[Items listed in a dataset]
——

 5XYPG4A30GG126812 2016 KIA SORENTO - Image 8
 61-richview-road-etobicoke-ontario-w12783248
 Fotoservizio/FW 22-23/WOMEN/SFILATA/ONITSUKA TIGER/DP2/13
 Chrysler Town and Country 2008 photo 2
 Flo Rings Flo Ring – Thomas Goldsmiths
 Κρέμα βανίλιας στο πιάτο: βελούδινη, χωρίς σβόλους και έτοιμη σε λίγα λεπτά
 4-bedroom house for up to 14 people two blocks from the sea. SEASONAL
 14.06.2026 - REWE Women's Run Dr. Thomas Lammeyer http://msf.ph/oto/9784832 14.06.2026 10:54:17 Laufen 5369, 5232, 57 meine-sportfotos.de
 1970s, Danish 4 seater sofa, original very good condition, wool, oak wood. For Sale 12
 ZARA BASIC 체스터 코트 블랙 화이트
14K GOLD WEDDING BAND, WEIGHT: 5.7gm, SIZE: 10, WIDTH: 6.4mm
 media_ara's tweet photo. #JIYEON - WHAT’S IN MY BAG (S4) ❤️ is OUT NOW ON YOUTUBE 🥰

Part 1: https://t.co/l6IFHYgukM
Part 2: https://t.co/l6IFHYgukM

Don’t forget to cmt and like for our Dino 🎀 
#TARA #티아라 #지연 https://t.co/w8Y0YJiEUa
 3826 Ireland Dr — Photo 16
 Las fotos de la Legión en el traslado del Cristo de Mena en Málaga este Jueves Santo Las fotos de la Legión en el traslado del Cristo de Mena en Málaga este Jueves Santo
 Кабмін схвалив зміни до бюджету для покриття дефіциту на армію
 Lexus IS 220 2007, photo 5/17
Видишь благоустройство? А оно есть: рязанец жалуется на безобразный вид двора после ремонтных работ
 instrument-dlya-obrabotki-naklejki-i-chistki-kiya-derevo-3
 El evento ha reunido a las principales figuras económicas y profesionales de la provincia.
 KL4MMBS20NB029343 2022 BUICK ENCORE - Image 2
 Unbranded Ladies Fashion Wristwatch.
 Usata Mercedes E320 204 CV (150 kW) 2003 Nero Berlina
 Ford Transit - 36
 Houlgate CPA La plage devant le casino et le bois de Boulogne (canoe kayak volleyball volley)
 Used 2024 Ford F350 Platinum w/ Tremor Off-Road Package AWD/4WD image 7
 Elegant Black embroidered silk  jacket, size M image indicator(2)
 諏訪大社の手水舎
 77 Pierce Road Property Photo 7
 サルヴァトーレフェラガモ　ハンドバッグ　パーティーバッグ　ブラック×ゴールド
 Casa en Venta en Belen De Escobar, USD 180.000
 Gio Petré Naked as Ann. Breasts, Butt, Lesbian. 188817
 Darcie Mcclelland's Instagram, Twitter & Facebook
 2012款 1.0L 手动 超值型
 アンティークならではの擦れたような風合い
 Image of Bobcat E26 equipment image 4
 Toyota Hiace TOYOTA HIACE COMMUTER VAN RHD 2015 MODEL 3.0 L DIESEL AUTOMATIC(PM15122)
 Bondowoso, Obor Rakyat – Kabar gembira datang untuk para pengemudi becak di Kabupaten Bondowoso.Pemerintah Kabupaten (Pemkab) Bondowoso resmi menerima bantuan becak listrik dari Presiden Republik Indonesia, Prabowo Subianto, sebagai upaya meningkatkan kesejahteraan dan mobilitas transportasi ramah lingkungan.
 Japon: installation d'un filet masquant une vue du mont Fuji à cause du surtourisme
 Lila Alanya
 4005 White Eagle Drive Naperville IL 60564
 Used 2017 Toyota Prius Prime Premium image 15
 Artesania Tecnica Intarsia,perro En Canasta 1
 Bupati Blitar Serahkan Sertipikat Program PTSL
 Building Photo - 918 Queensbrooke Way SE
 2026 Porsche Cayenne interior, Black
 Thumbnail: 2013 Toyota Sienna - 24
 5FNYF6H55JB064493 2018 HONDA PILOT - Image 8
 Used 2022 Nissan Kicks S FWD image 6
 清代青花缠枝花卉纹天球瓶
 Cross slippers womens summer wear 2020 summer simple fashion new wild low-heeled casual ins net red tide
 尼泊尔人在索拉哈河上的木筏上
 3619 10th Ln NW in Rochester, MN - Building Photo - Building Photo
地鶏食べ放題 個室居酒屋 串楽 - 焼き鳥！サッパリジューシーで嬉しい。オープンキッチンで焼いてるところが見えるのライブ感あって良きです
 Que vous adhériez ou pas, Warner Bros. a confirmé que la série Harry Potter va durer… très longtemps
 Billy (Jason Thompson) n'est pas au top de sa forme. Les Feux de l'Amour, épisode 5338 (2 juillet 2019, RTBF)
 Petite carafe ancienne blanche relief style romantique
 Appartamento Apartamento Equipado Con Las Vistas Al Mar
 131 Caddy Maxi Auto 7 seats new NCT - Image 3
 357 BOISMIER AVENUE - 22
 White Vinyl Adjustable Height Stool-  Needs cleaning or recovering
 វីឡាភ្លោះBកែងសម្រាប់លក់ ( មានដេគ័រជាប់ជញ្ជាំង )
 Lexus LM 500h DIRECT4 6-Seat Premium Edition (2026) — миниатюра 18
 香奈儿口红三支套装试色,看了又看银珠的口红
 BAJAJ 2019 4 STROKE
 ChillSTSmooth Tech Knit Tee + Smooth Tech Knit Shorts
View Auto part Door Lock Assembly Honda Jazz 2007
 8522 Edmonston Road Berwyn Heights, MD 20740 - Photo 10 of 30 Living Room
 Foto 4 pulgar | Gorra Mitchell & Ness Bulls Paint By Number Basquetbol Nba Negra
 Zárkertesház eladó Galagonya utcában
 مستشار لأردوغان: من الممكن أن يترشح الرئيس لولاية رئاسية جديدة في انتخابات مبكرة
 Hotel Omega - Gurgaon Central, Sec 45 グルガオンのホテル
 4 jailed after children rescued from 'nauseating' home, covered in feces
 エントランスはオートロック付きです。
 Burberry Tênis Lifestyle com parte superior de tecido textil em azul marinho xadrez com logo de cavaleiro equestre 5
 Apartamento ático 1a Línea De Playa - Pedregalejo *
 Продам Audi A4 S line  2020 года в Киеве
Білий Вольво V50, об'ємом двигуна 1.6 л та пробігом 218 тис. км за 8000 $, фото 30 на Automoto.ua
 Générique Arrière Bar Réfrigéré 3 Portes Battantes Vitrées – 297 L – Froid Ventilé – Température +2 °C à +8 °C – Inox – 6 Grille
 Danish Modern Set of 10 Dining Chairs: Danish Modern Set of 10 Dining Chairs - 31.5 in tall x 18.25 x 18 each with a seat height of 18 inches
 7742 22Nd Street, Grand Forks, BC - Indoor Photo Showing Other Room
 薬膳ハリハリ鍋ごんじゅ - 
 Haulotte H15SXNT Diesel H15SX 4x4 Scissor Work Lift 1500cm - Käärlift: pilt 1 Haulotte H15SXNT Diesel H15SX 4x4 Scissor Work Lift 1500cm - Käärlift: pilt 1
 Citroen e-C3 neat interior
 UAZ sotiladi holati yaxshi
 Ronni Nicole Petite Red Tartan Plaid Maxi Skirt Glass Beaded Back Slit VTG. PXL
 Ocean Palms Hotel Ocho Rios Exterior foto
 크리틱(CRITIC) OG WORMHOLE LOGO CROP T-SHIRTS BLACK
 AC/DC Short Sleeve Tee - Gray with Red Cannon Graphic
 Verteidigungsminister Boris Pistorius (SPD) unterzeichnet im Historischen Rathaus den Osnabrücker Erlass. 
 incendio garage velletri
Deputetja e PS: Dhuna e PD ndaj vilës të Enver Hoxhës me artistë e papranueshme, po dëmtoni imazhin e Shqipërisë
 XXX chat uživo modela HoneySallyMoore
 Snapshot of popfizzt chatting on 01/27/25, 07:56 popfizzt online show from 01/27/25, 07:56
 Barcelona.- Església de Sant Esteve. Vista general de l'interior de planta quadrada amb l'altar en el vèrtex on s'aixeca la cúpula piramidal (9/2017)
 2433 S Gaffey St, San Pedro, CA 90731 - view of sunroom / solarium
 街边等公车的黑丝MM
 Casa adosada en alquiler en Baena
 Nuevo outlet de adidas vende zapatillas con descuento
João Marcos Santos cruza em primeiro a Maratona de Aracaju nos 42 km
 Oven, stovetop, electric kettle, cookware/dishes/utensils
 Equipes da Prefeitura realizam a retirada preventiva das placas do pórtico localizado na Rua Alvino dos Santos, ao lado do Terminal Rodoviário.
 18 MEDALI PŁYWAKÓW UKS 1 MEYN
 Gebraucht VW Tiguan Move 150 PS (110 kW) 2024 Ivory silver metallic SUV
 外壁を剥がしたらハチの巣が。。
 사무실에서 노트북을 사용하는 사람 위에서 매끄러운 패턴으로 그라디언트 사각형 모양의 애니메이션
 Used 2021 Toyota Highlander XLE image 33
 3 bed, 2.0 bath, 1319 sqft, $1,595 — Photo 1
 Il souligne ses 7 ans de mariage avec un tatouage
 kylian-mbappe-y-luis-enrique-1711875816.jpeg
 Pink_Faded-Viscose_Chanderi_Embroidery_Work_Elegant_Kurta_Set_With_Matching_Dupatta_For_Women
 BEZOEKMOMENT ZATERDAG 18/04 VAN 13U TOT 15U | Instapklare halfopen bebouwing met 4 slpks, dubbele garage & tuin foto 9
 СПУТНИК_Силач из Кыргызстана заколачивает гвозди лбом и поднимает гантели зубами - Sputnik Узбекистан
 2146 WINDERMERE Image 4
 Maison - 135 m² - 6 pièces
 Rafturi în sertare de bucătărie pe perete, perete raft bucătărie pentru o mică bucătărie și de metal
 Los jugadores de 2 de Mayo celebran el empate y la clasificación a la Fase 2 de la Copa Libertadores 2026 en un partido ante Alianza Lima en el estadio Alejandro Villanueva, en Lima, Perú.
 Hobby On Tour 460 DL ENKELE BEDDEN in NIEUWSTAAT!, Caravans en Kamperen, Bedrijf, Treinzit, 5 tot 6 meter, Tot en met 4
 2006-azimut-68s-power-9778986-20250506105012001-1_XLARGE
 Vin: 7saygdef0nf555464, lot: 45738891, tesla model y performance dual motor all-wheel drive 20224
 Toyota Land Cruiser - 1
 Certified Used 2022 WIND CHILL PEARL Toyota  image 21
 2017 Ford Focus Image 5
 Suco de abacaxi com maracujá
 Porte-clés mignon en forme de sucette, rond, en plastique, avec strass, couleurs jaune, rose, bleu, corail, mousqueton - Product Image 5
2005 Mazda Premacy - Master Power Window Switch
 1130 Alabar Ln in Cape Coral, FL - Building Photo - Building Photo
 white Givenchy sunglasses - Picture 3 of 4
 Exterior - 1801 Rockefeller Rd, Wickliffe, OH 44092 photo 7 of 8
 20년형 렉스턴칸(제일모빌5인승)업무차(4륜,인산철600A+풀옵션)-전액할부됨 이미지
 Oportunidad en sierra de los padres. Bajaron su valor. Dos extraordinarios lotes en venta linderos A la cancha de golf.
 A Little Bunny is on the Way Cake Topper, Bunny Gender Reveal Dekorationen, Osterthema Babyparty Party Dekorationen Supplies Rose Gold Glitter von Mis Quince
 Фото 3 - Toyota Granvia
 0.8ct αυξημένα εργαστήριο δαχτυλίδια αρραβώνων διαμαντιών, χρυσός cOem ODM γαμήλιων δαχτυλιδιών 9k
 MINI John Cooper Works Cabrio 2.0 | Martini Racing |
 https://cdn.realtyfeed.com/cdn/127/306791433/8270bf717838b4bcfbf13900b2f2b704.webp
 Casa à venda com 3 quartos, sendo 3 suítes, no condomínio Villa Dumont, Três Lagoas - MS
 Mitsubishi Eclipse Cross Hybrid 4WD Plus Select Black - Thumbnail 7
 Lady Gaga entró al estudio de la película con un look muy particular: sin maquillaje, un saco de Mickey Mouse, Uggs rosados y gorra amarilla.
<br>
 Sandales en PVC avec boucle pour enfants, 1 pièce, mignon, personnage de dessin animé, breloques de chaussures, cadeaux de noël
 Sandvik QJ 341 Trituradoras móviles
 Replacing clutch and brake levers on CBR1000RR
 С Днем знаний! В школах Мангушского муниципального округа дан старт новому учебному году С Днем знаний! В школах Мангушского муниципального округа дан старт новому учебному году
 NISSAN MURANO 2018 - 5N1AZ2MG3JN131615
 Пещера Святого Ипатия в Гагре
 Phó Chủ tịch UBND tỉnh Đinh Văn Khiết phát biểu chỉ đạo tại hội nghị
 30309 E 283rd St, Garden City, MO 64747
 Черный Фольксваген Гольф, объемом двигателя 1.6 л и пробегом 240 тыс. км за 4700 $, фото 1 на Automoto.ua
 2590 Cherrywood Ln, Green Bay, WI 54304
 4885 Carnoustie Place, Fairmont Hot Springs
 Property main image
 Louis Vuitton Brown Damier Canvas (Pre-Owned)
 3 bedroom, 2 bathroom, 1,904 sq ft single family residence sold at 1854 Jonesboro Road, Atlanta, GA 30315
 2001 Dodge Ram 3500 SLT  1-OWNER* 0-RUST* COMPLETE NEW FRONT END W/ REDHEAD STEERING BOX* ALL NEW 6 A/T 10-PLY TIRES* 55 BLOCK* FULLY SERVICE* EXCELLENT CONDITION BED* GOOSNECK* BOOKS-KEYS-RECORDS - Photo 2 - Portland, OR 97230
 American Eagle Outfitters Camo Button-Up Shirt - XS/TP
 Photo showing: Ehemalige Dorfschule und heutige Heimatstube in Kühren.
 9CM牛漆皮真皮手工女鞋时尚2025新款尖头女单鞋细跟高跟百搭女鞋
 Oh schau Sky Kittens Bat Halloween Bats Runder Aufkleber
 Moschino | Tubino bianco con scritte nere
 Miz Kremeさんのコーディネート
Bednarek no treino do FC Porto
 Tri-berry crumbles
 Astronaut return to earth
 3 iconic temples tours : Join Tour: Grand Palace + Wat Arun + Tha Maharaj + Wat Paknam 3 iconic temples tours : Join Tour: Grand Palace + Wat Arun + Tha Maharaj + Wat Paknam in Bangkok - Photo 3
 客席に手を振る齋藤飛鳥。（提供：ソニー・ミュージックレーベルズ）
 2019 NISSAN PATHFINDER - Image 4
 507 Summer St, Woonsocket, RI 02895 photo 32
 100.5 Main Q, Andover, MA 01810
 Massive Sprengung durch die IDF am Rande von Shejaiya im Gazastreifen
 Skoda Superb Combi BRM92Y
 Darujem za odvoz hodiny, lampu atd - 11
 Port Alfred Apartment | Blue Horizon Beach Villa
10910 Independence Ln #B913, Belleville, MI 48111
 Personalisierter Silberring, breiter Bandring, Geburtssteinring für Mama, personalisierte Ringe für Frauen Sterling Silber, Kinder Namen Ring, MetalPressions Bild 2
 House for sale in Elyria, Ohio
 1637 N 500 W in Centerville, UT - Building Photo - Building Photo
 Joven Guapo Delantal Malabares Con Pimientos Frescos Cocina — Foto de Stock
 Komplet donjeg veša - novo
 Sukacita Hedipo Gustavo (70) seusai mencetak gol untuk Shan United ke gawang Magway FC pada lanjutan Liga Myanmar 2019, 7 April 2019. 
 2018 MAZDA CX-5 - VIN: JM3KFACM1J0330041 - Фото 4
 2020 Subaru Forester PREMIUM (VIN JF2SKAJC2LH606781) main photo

——

• [DESCRIPTION OF THE TASK] Take the lines above from the one containing "3619 10th Ln" to the one containing "ChillSTSmooth Tech Knit" and retype them exactly, both ends included, with nothing added.

• [EXERCISE OUTPUT]
 3619 10th Ln NW in Rochester, MN - Building Photo - Building Photo
地鶏食べ放題 個室居酒屋 串楽 - 焼き鳥！サッパリジューシーで嬉しい。オープンキッチンで焼いてるところが見えるのライブ感あって良きです
 Que vous adhériez ou pas, Warner Bros. a confirmé que la série Harry Potter va durer… très longtemps
 Billy (Jason Thompson) n'est pas au top de sa forme. Les Feux de l'Amour, épisode 5338 (2 juillet 2019, RTBF)
 Petite carafe ancienne blanche relief style romantique
 Appartamento Apartamento Equipado Con Las Vistas Al Mar
 131 Caddy Maxi Auto 7 seats new NCT - Image 3
 357 BOISMIER AVENUE - 22
 White Vinyl Adjustable Height Stool-  Needs cleaning or recovering
 វីឡាភ្លោះBកែងសម្រាប់លក់ ( មានដេគ័រជាប់ជញ្ជាំង )
 Lexus LM 500h DIRECT4 6-Seat Premium Edition (2026) — миниатюра 18
 香奈儿口红三支套装试色,看了又看银珠的口红
 BAJAJ 2019 4 STROKE
 ChillSTSmooth Tech Knit Tee + Smooth Tech Knit Shorts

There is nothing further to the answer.